◆ **TRY IT**
Beginning at the top of the data below, write out every line exactly until you reach the line with "Deni A-line Illusion Ivory Wedding dress 4", and include that line.

====== RECORDED INFORMATION ======

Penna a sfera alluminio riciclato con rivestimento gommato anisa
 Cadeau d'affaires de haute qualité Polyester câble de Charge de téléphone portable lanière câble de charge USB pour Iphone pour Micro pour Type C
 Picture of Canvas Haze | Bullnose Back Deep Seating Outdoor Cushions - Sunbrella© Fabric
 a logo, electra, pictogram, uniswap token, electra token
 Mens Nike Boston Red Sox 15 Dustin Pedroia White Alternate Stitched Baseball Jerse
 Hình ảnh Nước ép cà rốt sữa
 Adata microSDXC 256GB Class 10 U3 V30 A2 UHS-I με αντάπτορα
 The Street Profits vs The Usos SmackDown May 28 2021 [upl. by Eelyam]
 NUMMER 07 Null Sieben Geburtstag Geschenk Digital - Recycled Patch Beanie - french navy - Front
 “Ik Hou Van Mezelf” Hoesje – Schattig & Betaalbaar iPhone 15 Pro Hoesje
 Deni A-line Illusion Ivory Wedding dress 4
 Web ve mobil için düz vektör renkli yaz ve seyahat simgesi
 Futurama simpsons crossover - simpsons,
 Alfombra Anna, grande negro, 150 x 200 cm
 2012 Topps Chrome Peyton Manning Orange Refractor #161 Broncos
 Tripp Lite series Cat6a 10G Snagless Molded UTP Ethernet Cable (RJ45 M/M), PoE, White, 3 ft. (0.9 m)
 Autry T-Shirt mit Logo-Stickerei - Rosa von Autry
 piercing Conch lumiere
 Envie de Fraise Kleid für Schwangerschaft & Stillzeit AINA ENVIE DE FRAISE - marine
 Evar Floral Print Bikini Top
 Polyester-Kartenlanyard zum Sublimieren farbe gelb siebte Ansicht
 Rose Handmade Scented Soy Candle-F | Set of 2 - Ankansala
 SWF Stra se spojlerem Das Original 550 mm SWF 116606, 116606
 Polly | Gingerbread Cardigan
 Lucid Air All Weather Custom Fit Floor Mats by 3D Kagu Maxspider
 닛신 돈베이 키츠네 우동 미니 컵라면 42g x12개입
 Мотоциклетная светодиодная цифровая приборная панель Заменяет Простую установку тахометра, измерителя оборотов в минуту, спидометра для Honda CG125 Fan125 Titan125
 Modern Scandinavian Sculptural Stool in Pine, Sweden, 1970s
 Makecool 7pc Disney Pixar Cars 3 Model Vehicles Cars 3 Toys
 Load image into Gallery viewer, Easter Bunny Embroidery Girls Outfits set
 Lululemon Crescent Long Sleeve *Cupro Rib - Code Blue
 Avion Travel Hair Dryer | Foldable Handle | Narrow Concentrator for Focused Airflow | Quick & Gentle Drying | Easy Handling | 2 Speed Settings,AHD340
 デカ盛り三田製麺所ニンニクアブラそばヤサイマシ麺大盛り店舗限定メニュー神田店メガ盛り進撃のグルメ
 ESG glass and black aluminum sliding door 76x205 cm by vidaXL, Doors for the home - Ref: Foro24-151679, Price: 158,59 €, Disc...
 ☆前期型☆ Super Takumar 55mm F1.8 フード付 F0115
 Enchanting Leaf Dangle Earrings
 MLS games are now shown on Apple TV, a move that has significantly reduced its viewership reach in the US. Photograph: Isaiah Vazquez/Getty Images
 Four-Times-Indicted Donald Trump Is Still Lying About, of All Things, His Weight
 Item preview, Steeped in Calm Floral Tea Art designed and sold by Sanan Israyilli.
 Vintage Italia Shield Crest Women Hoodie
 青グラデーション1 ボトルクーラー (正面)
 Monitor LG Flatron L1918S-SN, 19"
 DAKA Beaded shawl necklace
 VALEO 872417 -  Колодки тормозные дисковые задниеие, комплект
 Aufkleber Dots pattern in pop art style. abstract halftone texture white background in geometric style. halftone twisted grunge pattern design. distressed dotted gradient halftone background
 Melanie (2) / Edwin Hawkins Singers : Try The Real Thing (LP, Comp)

======

◆ **TASK RESPONSE**
Penna a sfera alluminio riciclato con rivestimento gommato anisa
 Cadeau d'affaires de haute qualité Polyester câble de Charge de téléphone portable lanière câble de charge USB pour Iphone pour Micro pour Type C
 Picture of Canvas Haze | Bullnose Back Deep Seating Outdoor Cushions - Sunbrella© Fabric
 a logo, electra, pictogram, uniswap token, electra token
 Mens Nike Boston Red Sox 15 Dustin Pedroia White Alternate Stitched Baseball Jerse
 Hình ảnh Nước ép cà rốt sữa
 Adata microSDXC 256GB Class 10 U3 V30 A2 UHS-I με αντάπτορα
 The Street Profits vs The Usos SmackDown May 28 2021 [upl. by Eelyam]
 NUMMER 07 Null Sieben Geburtstag Geschenk Digital - Recycled Patch Beanie - french navy - Front
 “Ik Hou Van Mezelf” Hoesje – Schattig & Betaalbaar iPhone 15 Pro Hoesje
 Deni A-line Illusion Ivory Wedding dress 4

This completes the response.